I particularly liked how O’Sullivan’s introduced the various types of ABMs by separating them into three categories depending on how realistic they are because it reminds me that, although we can create incredibly complex ABMs that resemble reality very closely, the value in “simple abstract models as thoughts experiments” (542) should not be underestimated. Bearing in mind that “complicated models may remain just as baffling as the world they purport to represent” (546), perhaps for many research questions, extremely realistic stimulations are not necessary. Simple models that explore the interactions between only a few theories can no doubt shed new light on problems even if the stimulated scenarios are not observed in reality. Thus, building ABMs to stimulate thought experiments could prove to be a useful tool at the exploratory stages of research and theory building.

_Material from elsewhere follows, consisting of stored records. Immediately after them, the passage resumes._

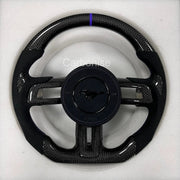 Mustang Steering Wheel (Carbon Fiber+Perforated Leather) #12 by CARBONISE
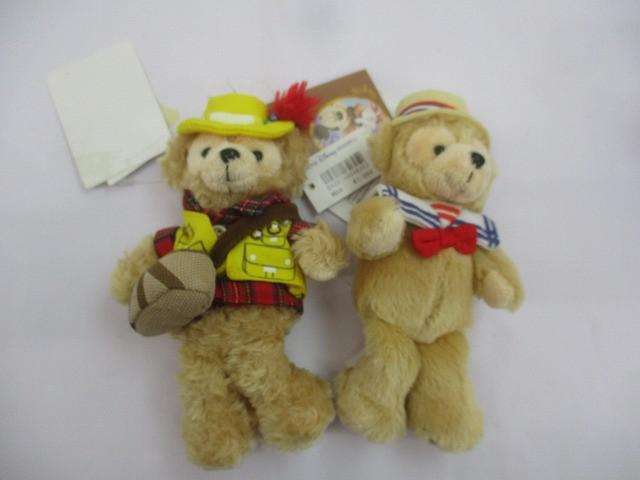 ディズニー ダッフィー オープンマウス フィッシング ジャンボリーナイト ぬいぐるみバッジ 白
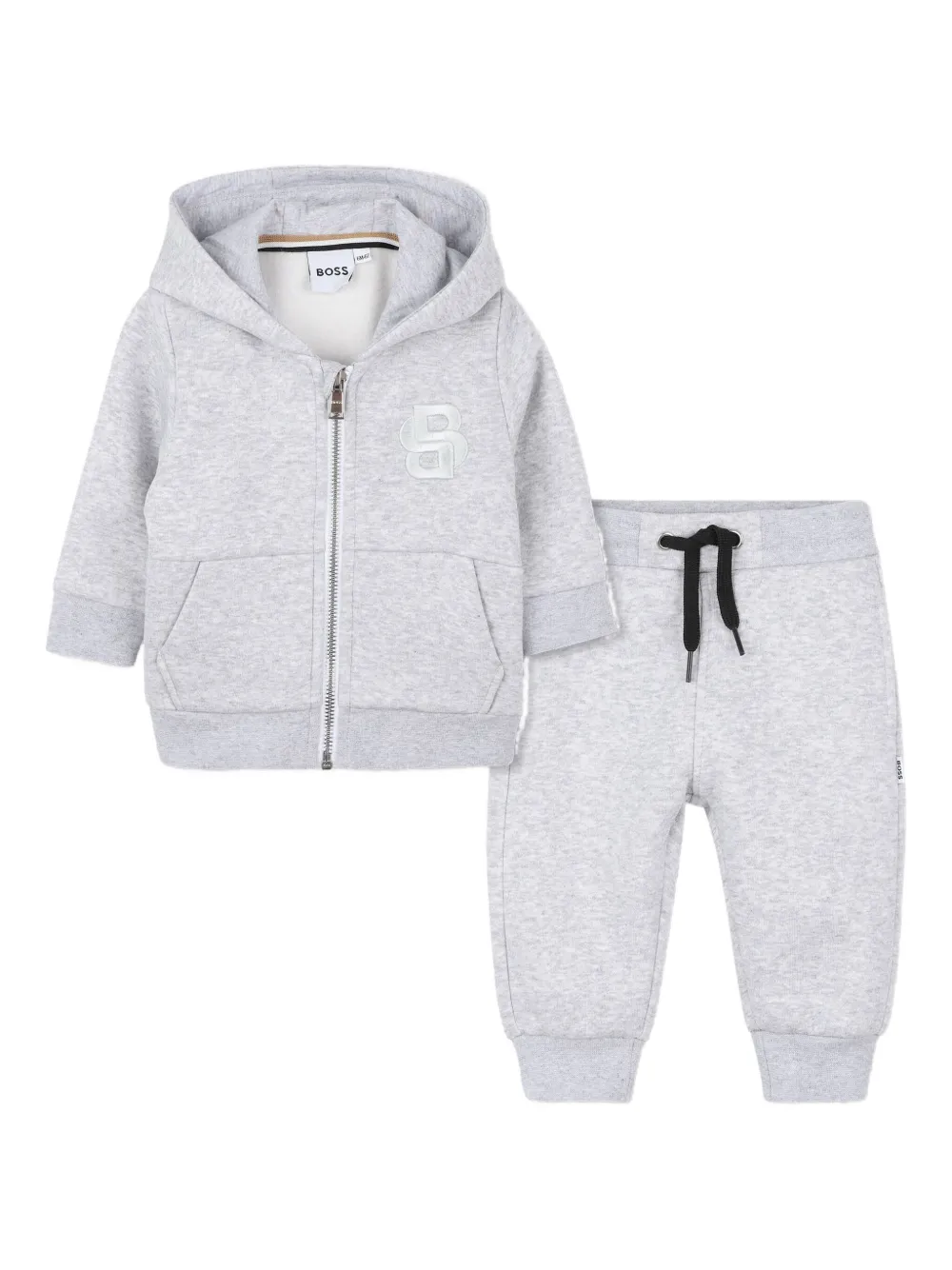 BOSS Kidswear hooded zip-up tracksuit (set of two) | Grey | Image 1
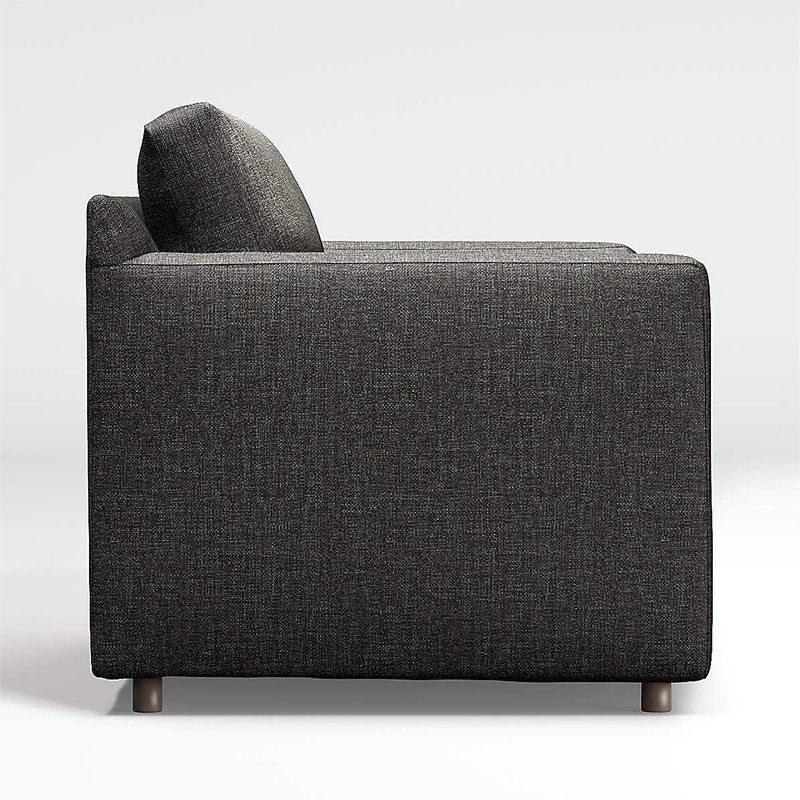 Track Arm Sofa   living room modern minimalist small apartment leather sofa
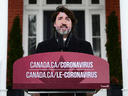 Prime Minister Justin Trudeau holds a news conference at Rideau Cottage in Ottawa on Tuesday, Feb. 2, 2021, to provide an update on the COVID-19 pandemic.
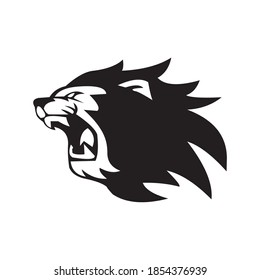 classic tiger head vector logo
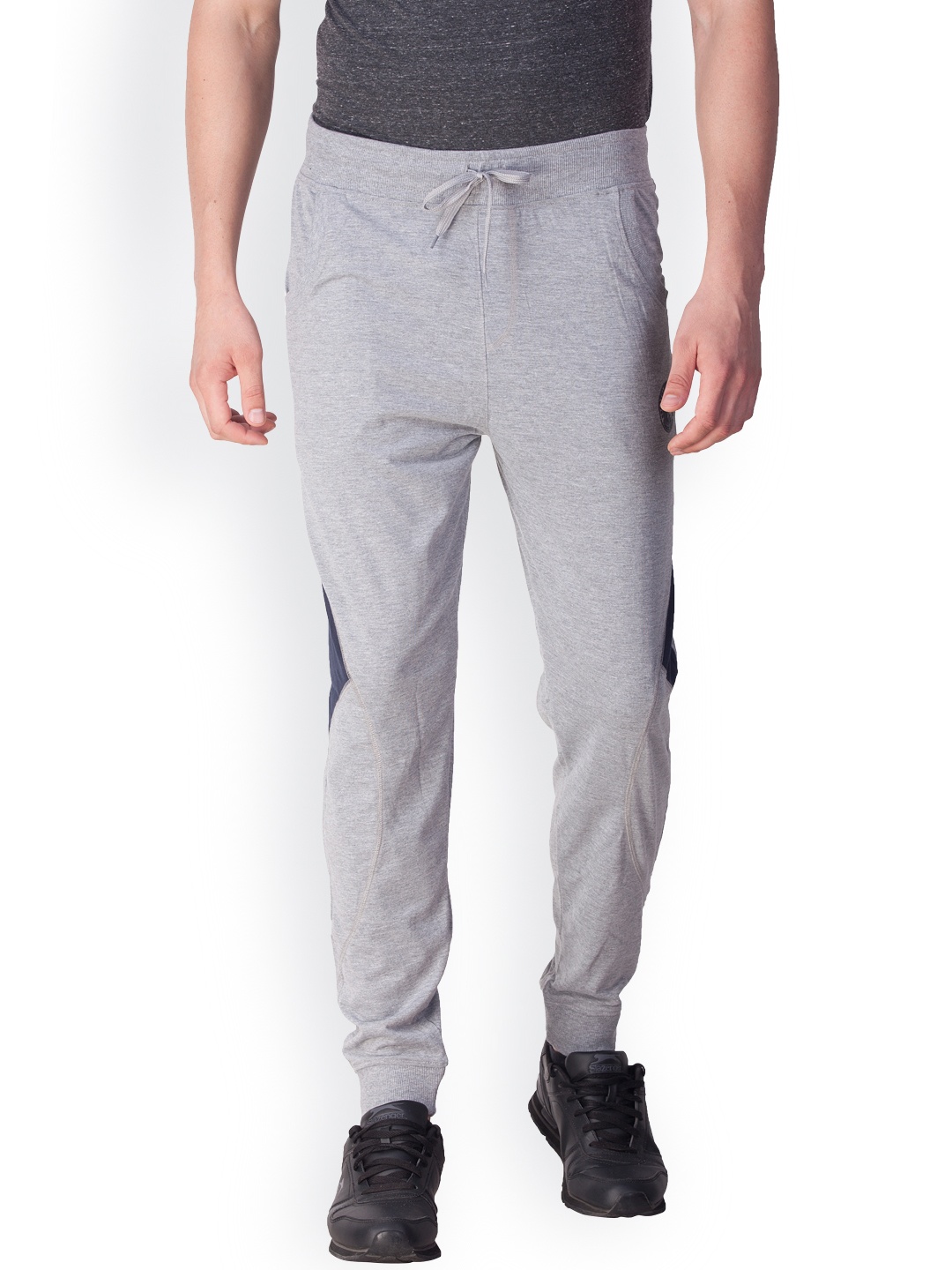 

ONN Grey Melange Active Relaxed Straight Fit Joggers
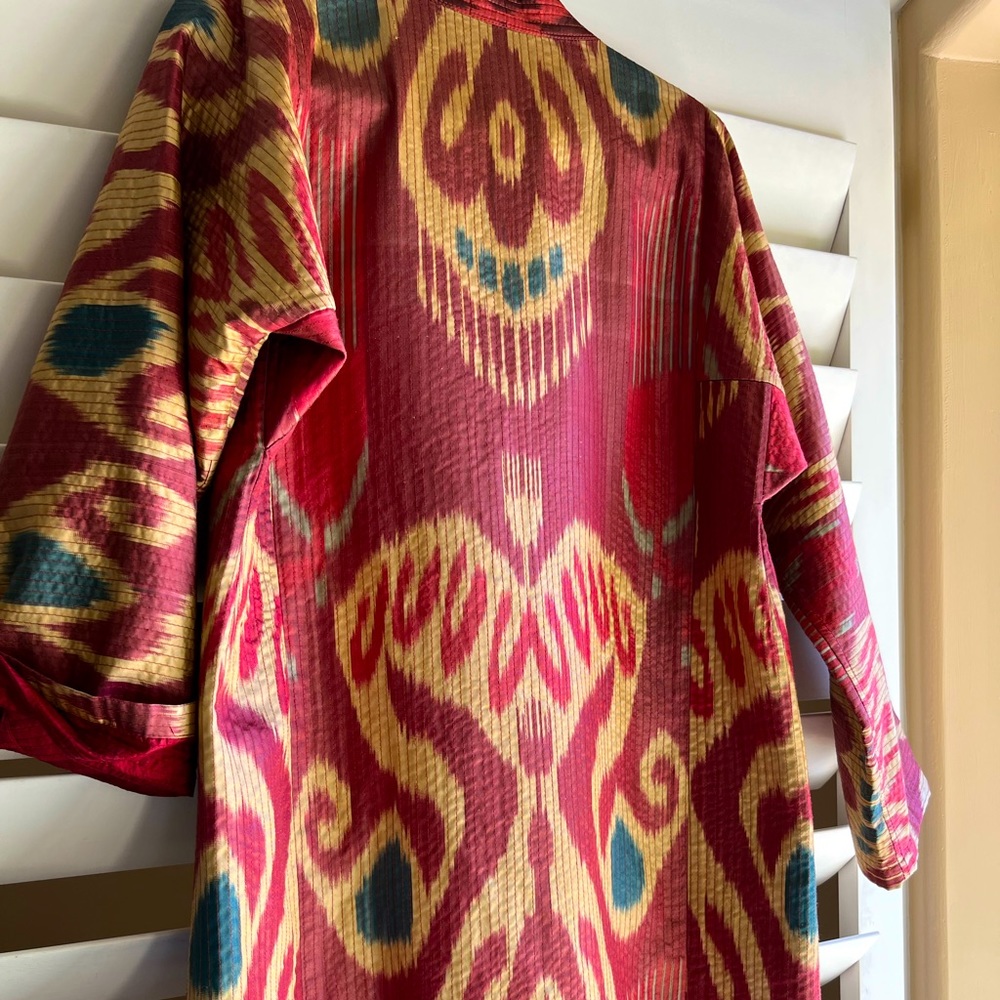 100% Silk jacket HANDMADE!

The concept of equifinality and model verification also got me thinking. In complex and flexible systems, isn’t it more common to be able to reach a certain outcome through different means than through only one means? I think learning to accept the fact that many models may be “valid” and evaluating model outcomes in terms of “… the trajectory by which those outcomes are reached” (546-547) must go hand-in-hand. For instance, in a game of chess, the same final outcome (e.g. checkmate) is reached through thousands of different sets of moves. Thus, when comparing two highly skilled chess players, it is much more convincing to evaluate how each player executes his moves than to see whether or not he/she can deliver a checkmate.


Agent-based models are cultivators

Saturday, January 28th, 2012

Bonabeau’s article certainly gives us a good introduction to the potential of agent-based modeling and the wide-reaching social phenomenon that it is able to explore. The key contribution that ABM offers social science is the ability to study an issue from bottom-up by looking at interactions between agents rather than overall processes produced by agent. The concept of “growing” an explanation to social phenomenon is both catchy and intriguing.

I especially liked the last example in Bonabeau’s paper. It showed how an ABM is capable of incorporating the fact that each individual is situated in the social world and that we can most influenced by the people we know both in terms of our behaviors and our location ( In an age where social network sites allow us to communicate with more people than ever before, ABM can be powerful in studying the adoption of new ideas, dissemination of information, and power/influence.

However, there were two points which I thought deserved further explanation. First, when arguing for the flexibility exhibited in an ABM, the author points to its “… ability to change levels of description and aggregation: one can easily play with aggregate agents, sub-groups of agents, and single agents, with different levels of description coexisting in a given model” (7281). I think this is an attractive feature that warrants more description regarding how groups are created, whether a single agent keeps its description when aggregated with other agents, and can an agent move dynamically in/out of a group? Secondly, Bonabeau mentions the ability for ABM to capture “individual behaviors [that] exhibit memory… learning and adaptation” (7281), but fails to mention the type or the complexity of knowledge that can be learnt by agents (are logical inferences possible?). It would have been interesting to see an example of how this artificial intelligence plays out in an ABM and a brief discussion about the power and recent developments in the capability of this type of algorithms.